Neben der Wolkenauflösung und dem Südostwind ist das deutlichste Erkennungszeichen des Sauerland-Föhns in Orten wie Schmallenberg, Meschede oder Olsberg wesentlich höhere Temperaturen, wie im ähnlich hoch oder nur unwesentlich höher gelegenen Medebach. Nach Lehrbuch spricht man hier von einer trockenadiabatischen Erwärmung von 1°C auf 100 Höhenmetern. Im Zusammenspiel mit lokalen Effekten sowie der Sonneneinstrahlung kann diese Richtzahl auch überschritten werden, so dass in unserem Beispiel in Meschede 10°C erreicht werden. Ein konkretes Beispiel aus den Messwerten des Wetterportals Sauerland wird am Ende des Berichtes erläutert.

Die Realität

Lösen wir uns von der grauen Theorie und schauen uns an wie sich der Sauerland-Föhn in der Region bemerkbar macht. Die Abbildund rechts zeigt die Wolkensituation über dem Sauerland am Vormittag des 12. Dezember 2013. Das westliche Ruhrgebiet, große Teile des Münsterlandes und Ostwestfalens sowie insbesondere der Norden Hessens liegen unter einer dichten Hochnebeldecke. Im nördlichen Siegerland und nahezu im gesamten Sauerland scheint dagegen die Sonne von einem wolkenlosen Himmel. Im Hochsauerlandkreis sind lediglich Teile des Stadtgebietes Marsberg sowie die Orte Medebach und Hallenberg sonnenfrei.
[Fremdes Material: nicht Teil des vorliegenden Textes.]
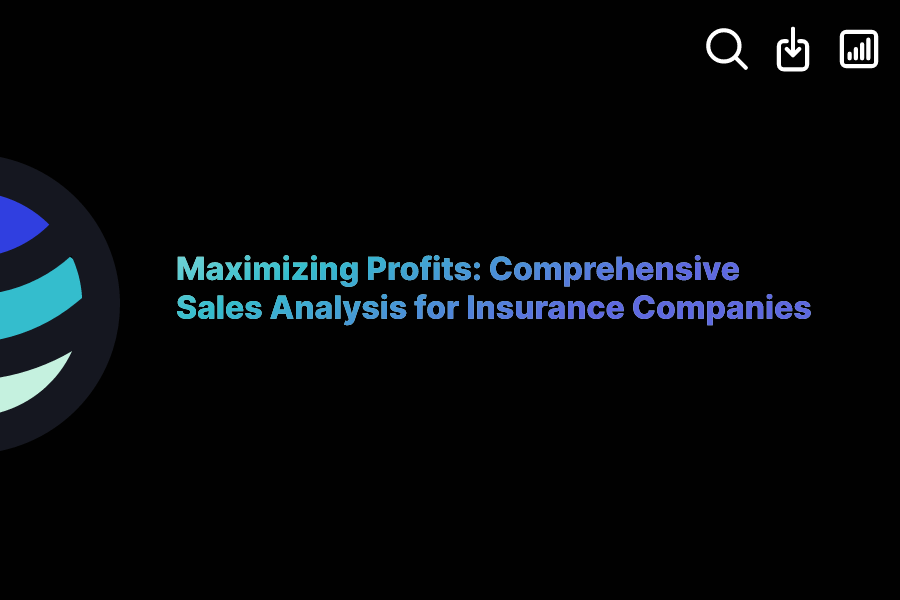 Maximizing Profits Comprehensive Sales Analysis for Insurance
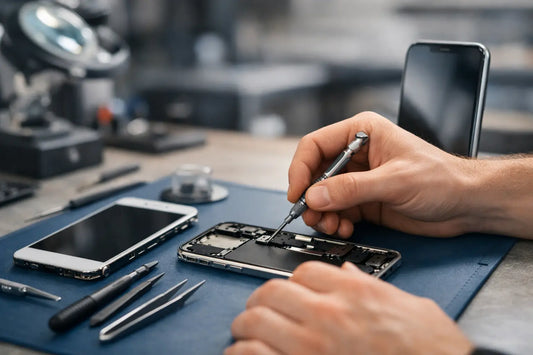 Reparación de iPhone el mismo día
Der südöstliche Wind hat in diesem Fall ganze Arbeit geleistet. Er drückt die feuchte und schwere Luft gegen das Rothaargebirge. Beim Überströmen trocknet die Luft auf der anderen Seite ab und die Wolken lösen sich komplett auf. Zusätzlich steigen die Temperaturen an und liegen um einige Grad über den Werten auf der Ostseite.

Wie ein Wasserfall

Stürzt die feuchte Luft auf der Nordwestseite des Sauerlandes herab entsteht der Eindruck von einem Wasserfall.

Der Nordwesten profitiert

Im nordwestlichen Sauerland scheint bei Sauerland-Föhn nordwestlich des Rothaargebirgs-Kammes oft die Sonne. Dazu ist es teilweise 10 Grad wärmer wie z.B. im nebligen Wittgenstein.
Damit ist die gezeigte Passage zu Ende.